Abstract

The Affordable Care Act (ACA) introduced the “marketplace” — a portal for enrollment in both private and public health insurance coverage (e.g., Medicaid). Private coverage on the marketplace is purchased directly from insurance companies, and subsidies are available for those who meet income guidelines. Federal surveys, including the Current Population Survey (CPS), the Medical Expenditure Panel Survey (MEPS), and the National Health Interview Survey (NHIS), adapted their questions about health insurance for the new marketplace and added questions about subsidies. We evaluate whether the wording used in these different versions of the subsidy question yields equivalent estimates of subsidy receipt and levels of missing data. Differences in these measures could mean that subsidy estimates are sensitive to the question wording, which could affect inference about the effects of the ACA. We use data from experiments in the Health Reform Monitoring Survey (HRMS) in which adults were randomly assigned to one of three subsidy questions. Due to the many complexities of the marketplace, establishing the universe of those enrolled is an imprecise process.

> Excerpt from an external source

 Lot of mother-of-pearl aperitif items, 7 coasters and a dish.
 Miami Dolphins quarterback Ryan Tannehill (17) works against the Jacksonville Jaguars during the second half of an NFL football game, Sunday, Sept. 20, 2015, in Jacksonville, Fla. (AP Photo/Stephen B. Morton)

Thus, we employ a conservative method to identify respondents who report coverage that could be a private marketplace plan. Within this group, we examine reporting among various income subgroups that approximate eligibility for marketplace subsidies. The three questions yielded equivalent estimates of subsidy receipt and missing data overall and across all income groups examined. Findings suggest that although the wording of the subsidy question varies across surveys, the CPS/MEPS subsidy question yields results equivalent to the NHIS and the HRMS.